Parallel Programming - TP2

Guillaume Haerinck - M2 Image 2021

Class by Eva Dokladalova

Introduction

The goal of this project is to implement a fast crowd counting application using a webcam video stream. The approach is not using the latest state of the art techniques such as machine learning for simplicity purposes. The image acquisition and presentation is done with last version of OpenCV, while the algorithm for crowd counting is custom and / or adapted from other algorithms :

Each frame is converted to grayscale
Background subtraction from the video is done with the ViBe algorithm
Median filtering to ease the next steps
Morphological opening to remove noise
Morphological closing to fill the gaps
Connected components extraction and counting

The code has been primarily tested on an Intel Core i3-4160 CPU @3.60GHz with 2 cores and 4 threads. It supports SIMD through SSE4.2 and AVX2 instructions. Source code for the application can be found here.

Profiling setup

To measure the execution time of each method we rely on the open-source Tracy instrumenting profiler. It will track the execution with the help of the ZoneScoped macro placed on top of each important methods. To use it, one simply has to grab the executable here and run it along with the project. More detailed step about the setup can be found here.
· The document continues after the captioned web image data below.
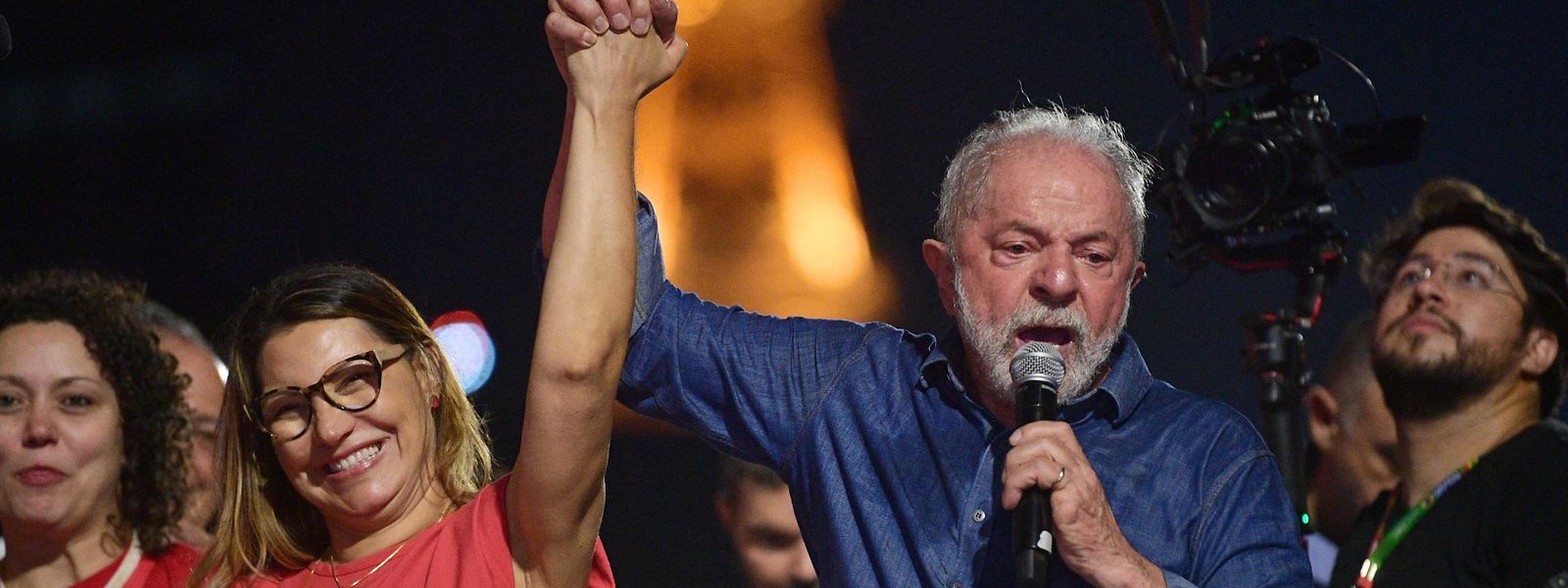 Lula da Silva celebra a vitória ao lado da mulher 'Janja'. A tomada de posse como novo presidente do Brasil está programada para o primeiro dia do novo ano. 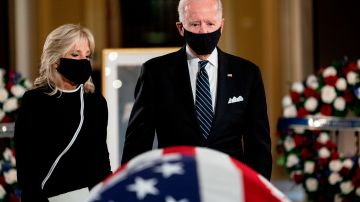 Biden y su esposa en el sepelio de la jueza Ruth Bader Ginsburg.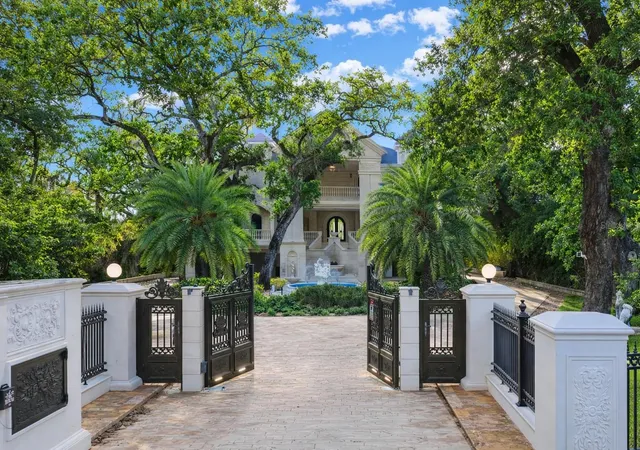 2nd image of 2000 Park St N, Saint Petersburg, FL 33710 | MLS# TB8495795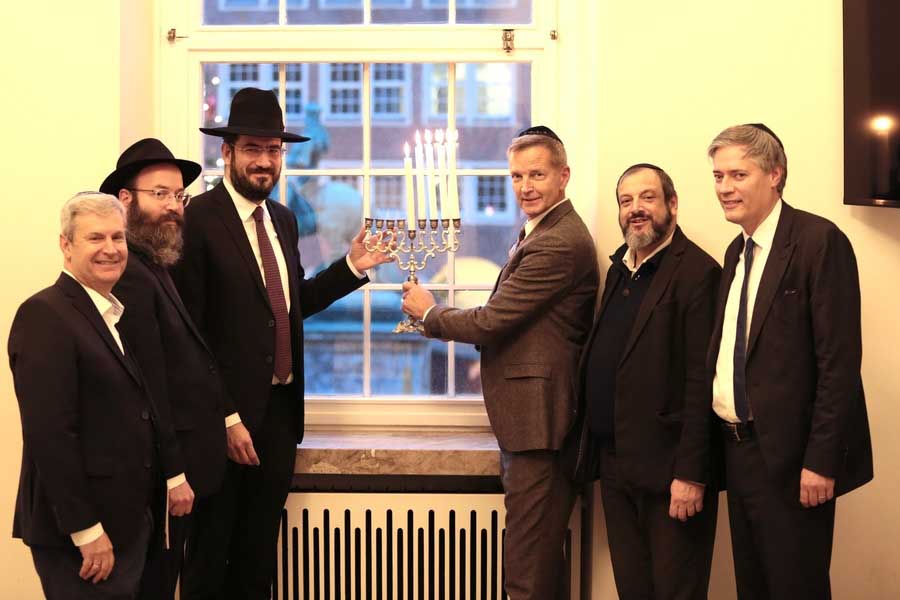 Dr. Oded Horowitz, Rabbiner Chaim Barkhan, Rabbiner Schimon Levin, Bürgermeister Josef Hinkel, Kantor Aaron Malinsky und Bastian Fleermann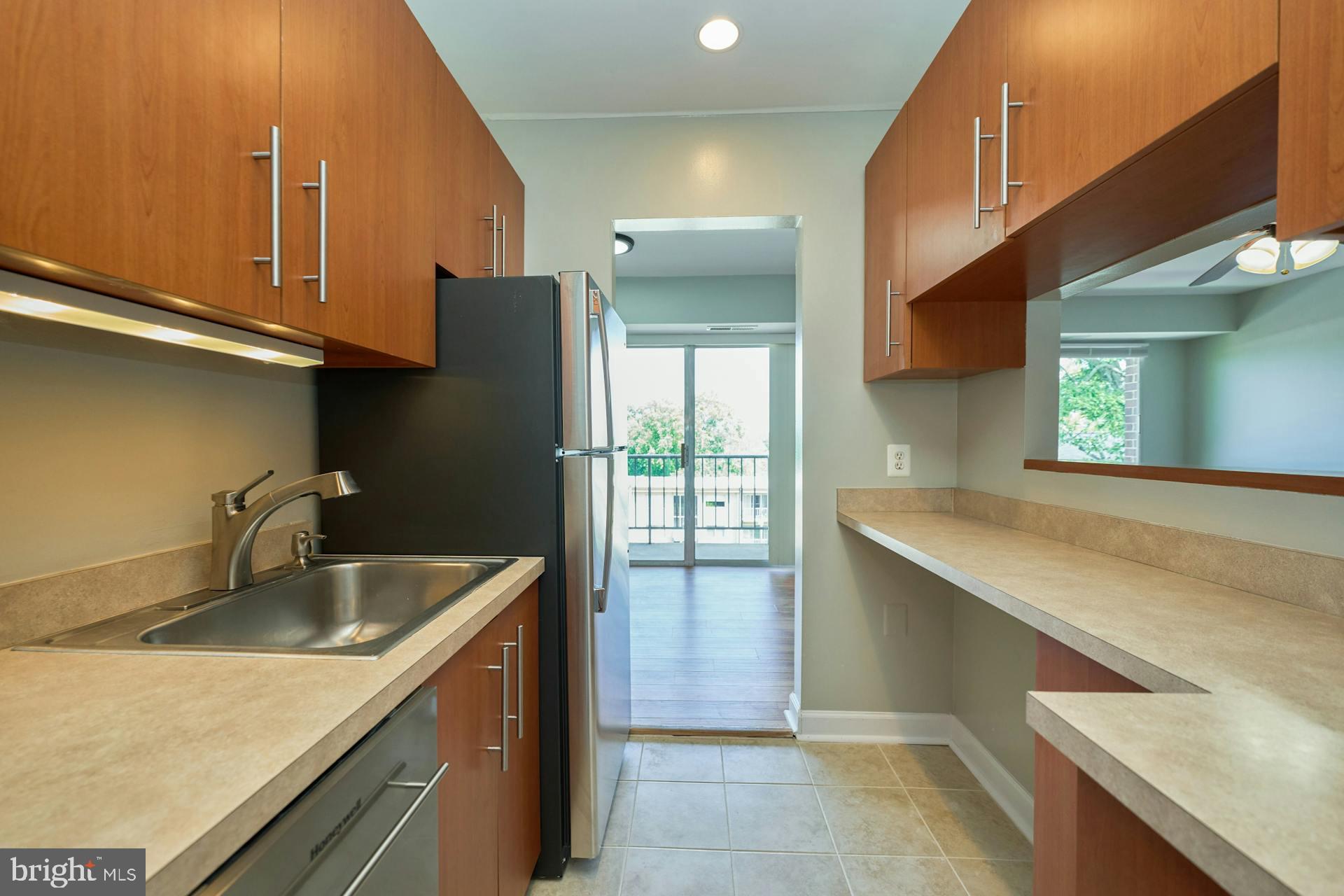 OCCOQUAN RIDGE CONDO - Residential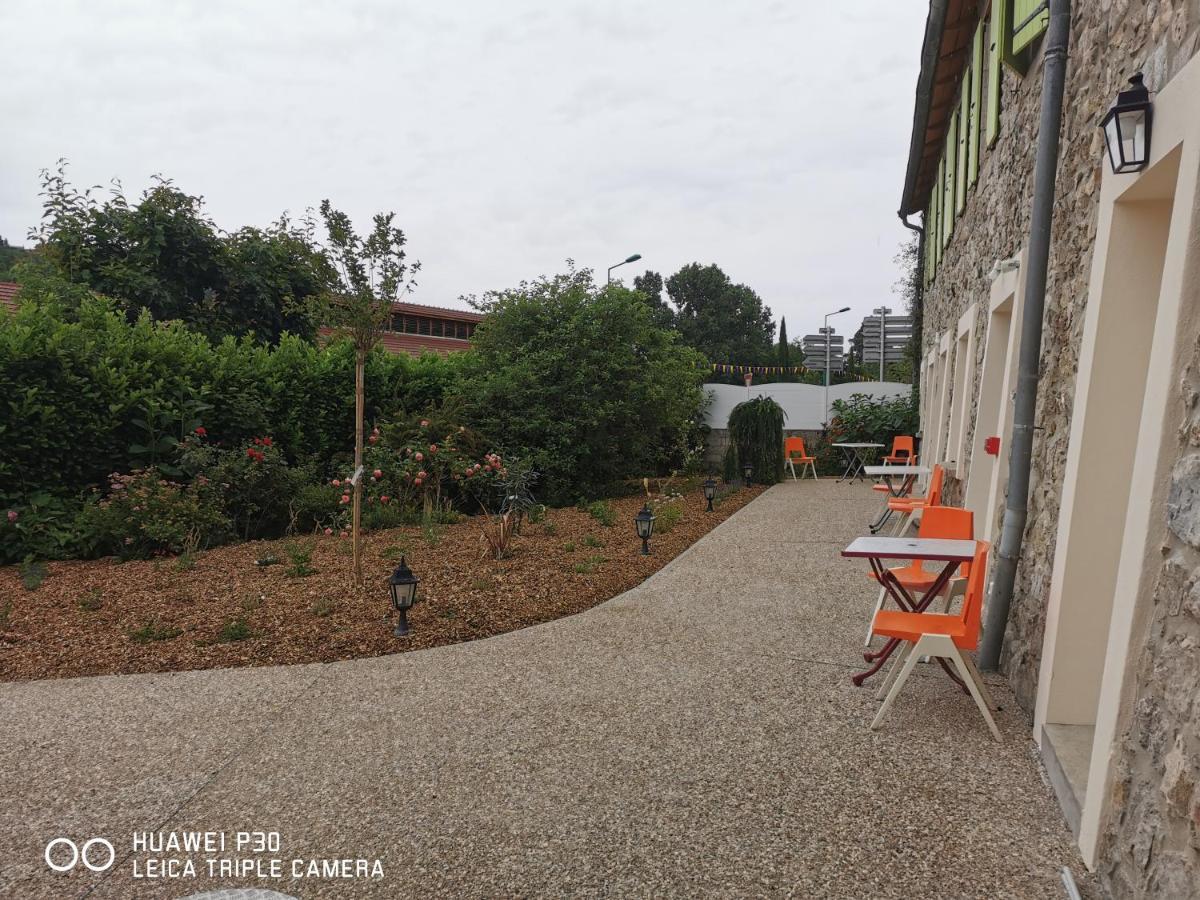 Hotel Des Negociants Lamastre Εξωτερικό φωτογραφία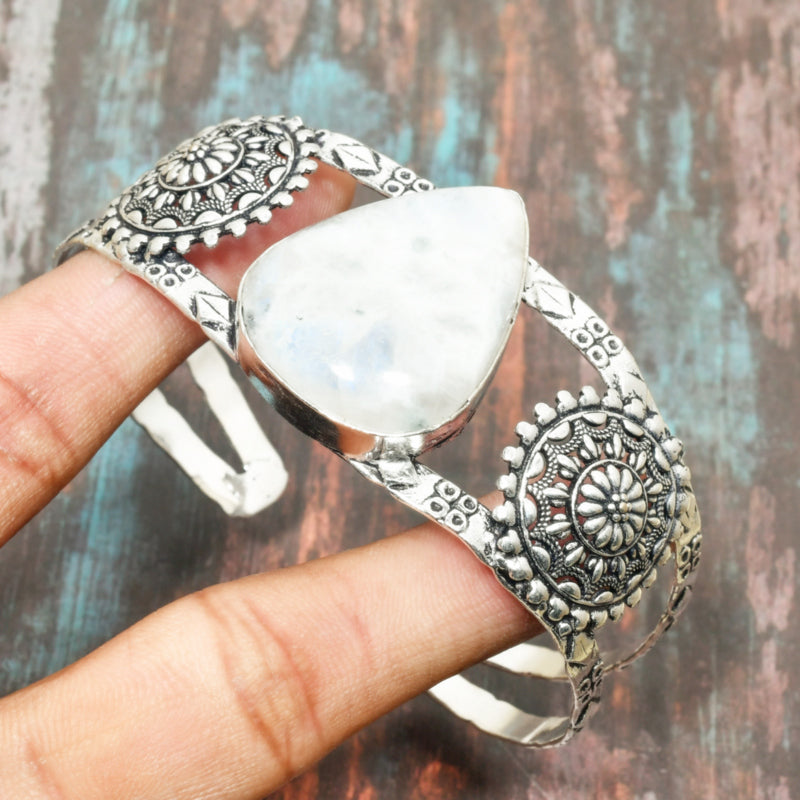 Lunar Muse – Silver Moonstone Cuff
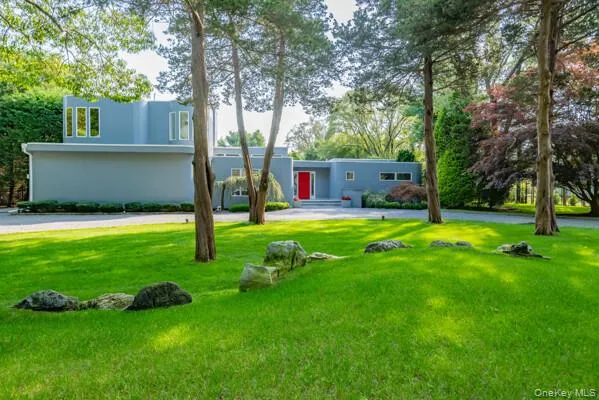 $3,150,000 | 3 Mallard Lane, Remsenburg, NY 11960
My choice is motivated by the fact that it is a modern, portative and non-intrusive environment. It offers advanced features such as machine-code view, threads handling and several histograms. Other approaches such as inline gettimeofday would have unnecessarily complexified the code while being too thin in details.

Version 1 - No optimisation

Implementation

Grayscale conversion

We start by converting the 3 channel frame to a 1 channel grayscale to improve the performance of the background detection. We use the following formula for each pixel : Grayscale = 0.299R + 0.587G + 0.114B. It is possible to access OpenCV matrices as contiguous array, better suited for cache coherency. In code it is expressed as follows :

for (int i = 0; i < in.rows; i++)
    for (int j = 0; j < in.cols; j++)
        out.data[i * out.step + j] = 0.114 * in.data[i * in.step + j * 3] + 0.587 * in.data[i * in.step + j * 3 + 1] + 0.299 * in.data[i * in.step + j * 3 + 2];

Background subtraction

The background subtraction is the burden of the ViBe algorithm and will be better explained in their research paper. I used their C source code as the C++ version was contained in multiple files and relied on structures that weakened the understanding of the algorithm. I have made no modification in their source code for this first version. It is available in the vibe-background-sequential.cpp file.

Median filtering

The median filter will replace each pixel with the median value of its 8 block neighbour. In code it is defined with an array of size 8 that will be filled by the surrounding pixels. Once filled the array is sorted and we take in the center value. In our case, the sort method is an "insertion" sort. For the previous project in tried to use a bubble sort optimisation but it turned out to be less performant than the insertion sort.

Opening

The morphological opening is used to remove the noise. I use a small 5x5 kernel of ones. I tried to implement it myself from a portion of code found online but it gave me unsatisfying results for a generous amount of time so I rely on openCV instead. The code is commented so it is still possible to test it easily. The implementation can be found in the morphology.cpp.

Closing

The closing is used to fill the gaps still present in the body shape. This time the kernel is bigger (40x40 of ones) and it can be seen in the performance cost. As for the Opening, I rely on OpenCV.

Connected components

Finally I use the OpenCV method to count the number of connected components of the image, and do so basic size filtering on the results. With the area detected, I draw a square on the final image to show the people detected.

Runtime

The cost of a frame is between 500 and 600ms which is around 1.5 frame per seconds. We can see that the MedianBlur and the Closing are the two operation which are costing the most.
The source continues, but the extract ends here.